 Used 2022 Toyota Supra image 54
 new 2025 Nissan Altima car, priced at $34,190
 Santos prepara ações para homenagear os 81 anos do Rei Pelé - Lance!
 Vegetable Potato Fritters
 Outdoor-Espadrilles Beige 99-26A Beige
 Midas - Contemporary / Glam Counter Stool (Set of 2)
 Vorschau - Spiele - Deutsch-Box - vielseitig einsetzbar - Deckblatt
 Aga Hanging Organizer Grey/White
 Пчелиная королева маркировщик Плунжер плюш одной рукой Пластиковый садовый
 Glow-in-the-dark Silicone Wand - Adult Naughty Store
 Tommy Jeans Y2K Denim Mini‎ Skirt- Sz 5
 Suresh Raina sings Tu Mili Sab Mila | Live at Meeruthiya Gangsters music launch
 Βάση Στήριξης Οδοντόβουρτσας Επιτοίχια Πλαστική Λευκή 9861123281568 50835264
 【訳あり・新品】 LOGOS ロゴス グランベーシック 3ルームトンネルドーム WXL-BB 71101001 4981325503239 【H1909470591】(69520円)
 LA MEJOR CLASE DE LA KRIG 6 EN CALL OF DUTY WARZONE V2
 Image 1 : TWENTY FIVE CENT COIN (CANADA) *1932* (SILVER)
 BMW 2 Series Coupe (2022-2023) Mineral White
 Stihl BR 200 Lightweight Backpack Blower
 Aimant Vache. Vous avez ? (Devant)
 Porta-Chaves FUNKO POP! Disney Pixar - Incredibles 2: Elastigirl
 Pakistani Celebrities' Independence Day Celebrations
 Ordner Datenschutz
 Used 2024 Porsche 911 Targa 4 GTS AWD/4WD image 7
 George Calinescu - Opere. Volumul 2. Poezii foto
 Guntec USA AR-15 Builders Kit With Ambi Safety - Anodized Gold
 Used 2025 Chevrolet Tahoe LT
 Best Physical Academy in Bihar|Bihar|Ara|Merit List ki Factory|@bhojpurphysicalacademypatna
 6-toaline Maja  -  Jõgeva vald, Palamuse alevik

********************

Instructions for the task: Copy, please, every line from the start of the entries down to the line that holds "Midas - Contemporary", with both of those lines included and no others.

Answer section:
 Used 2022 Toyota Supra image 54
 new 2025 Nissan Altima car, priced at $34,190
 Santos prepara ações para homenagear os 81 anos do Rei Pelé - Lance!
 Vegetable Potato Fritters
 Outdoor-Espadrilles Beige 99-26A Beige
 Midas - Contemporary / Glam Counter Stool (Set of 2)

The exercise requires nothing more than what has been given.